Tuesday, May 14, 2013

How I constructed some Gn15 skips from Smallbroook kits

Why a 15" gauge feeder?

The copper mines which provide the main rationale for the Peckforton Light Railway are served by a 15" gauge railway system. There is a clear reason for this choice of a 'minimum gauge' feeder line for the Peckforton Railway. In my hypothetical history (see A history of the railway), the local landowner and keen engineer, Lord Tollemache, was the main driving force behind the development of the mines and the railway. I've assumed he would have been very familiar with the 15" gauge Eaton Railway which had been constructed a short distance away from Peckforton on the Duke of Westminster's estate by the pioneer of minimum gauge railways, Sir Arthur Heywood.

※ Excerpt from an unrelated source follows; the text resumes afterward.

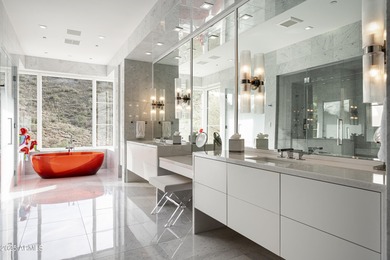 A residence of architectural significance and unmatched on Silverleaf Golf Club in Arizona - for sale on GolfHomes.com, golf home, golf lot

It seems reasonable that Lord Tollemache would have experimented with a minimum gauge railway to both serve his estate and to negotiate the narrow galleries and tunnels of his copper mines.

The location

Having just completed the buildings for the copper mine (See Progress Report 45) I felt the need to construct a short stretch of Gn15 railway to represent the transportation of the ore and spoil from the mines to the crushing shed and the loading chutes. This, of course, would require some rolling stock. I had previously acquired a loco, a tub and a flat wagon through a well known online auction site but needed to source some appropriate looking skips.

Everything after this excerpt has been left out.